Page MenuHomePhabricator

CI monitoring to detect flapping tests, especially in unrelated gated extensions
Closed, DuplicatePublic


How to do this is an open question. Some thoughts:

  • Detect a gate-and-submit failure coming after a V+2
  • Report the number of "recheck" change comments. We might also compare the test results before and after recheck, and any difference counts as flapping.
  • Somehow track individual failing test names, and show a heat map of the most frequent failures.

Event Timeline

OpenStack had a similar need and they wrote a reporter which collect and analyze tests and create a nice report.

The rough flow from 2014 (by Sean Dague)

ER_ELK_flow.png (499×972 px, 63 KB)

So what they do is that all the INFO logs and test results are send to an ElasticSearch cluster and then analyzed by an adhoc tool.

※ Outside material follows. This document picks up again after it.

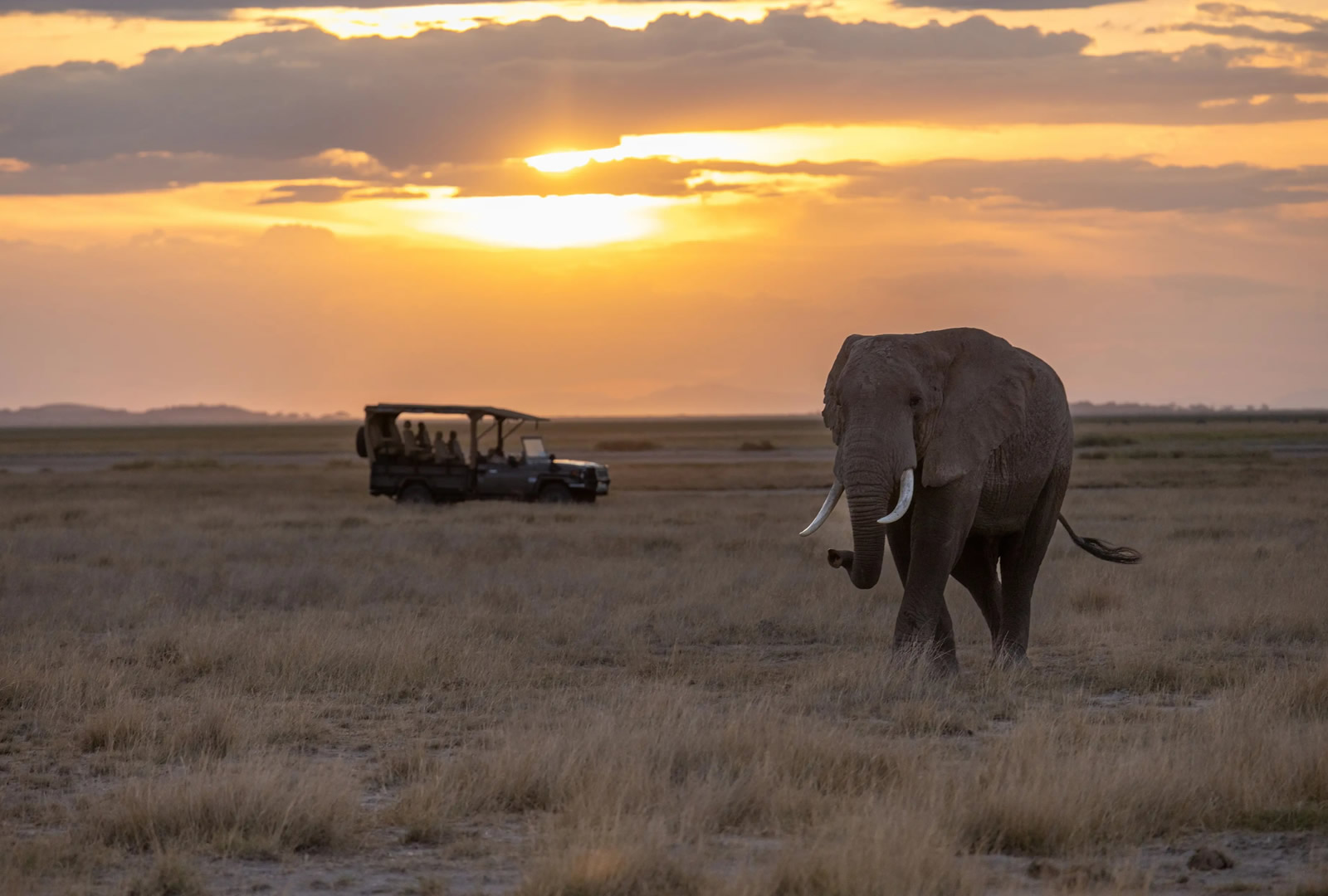 The Legacy Journey · Kenya Edition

We also have a very old task about collecting logs/tests into ElasticSearch T78705 , Releng talked about it recently but I am not sure we made any progress on that front (others might know better).

I am not suggesting to adopt exactly that elasticresearch thing, but we should at least get inspiration from it?

Another thought: Zuul pipelines can have several reporters. The only one we use for now is the gerrit reporter which send a review back to Gerrit (and eventually with labels vote and submitting the change). There is another one to report over smtp.

Zuul 2.5.2 (we have 2.5.1) comes with some MySQL reporter:

We can probably borrow it or write an ElasticSearch reporter of some sort.

The "recheck bot" is an interesting twist--I like the idea of automatically rechecking if there was an external error e.g. network glitch, but it makes me uncomfortable to think about rechecking due to flapping tests. What would be nicer is a fine-grained mask for interpreting test results, basically a way to quickly flag certain tests as broken at the CI level, without having to edit and merge code. This would let us provisionally V+2 patches only affected by flappers.

A database of flapping tests sounds awesome, and probably an appropriate technology considering that we have to correlate failures over long periods of time in order to see the patterns.

hashar closed this task as a duplicate of T224673: Automate identifying flaky tests.

I have merged this task into the very similar T224673 which has some basic analysis based on number of recheck.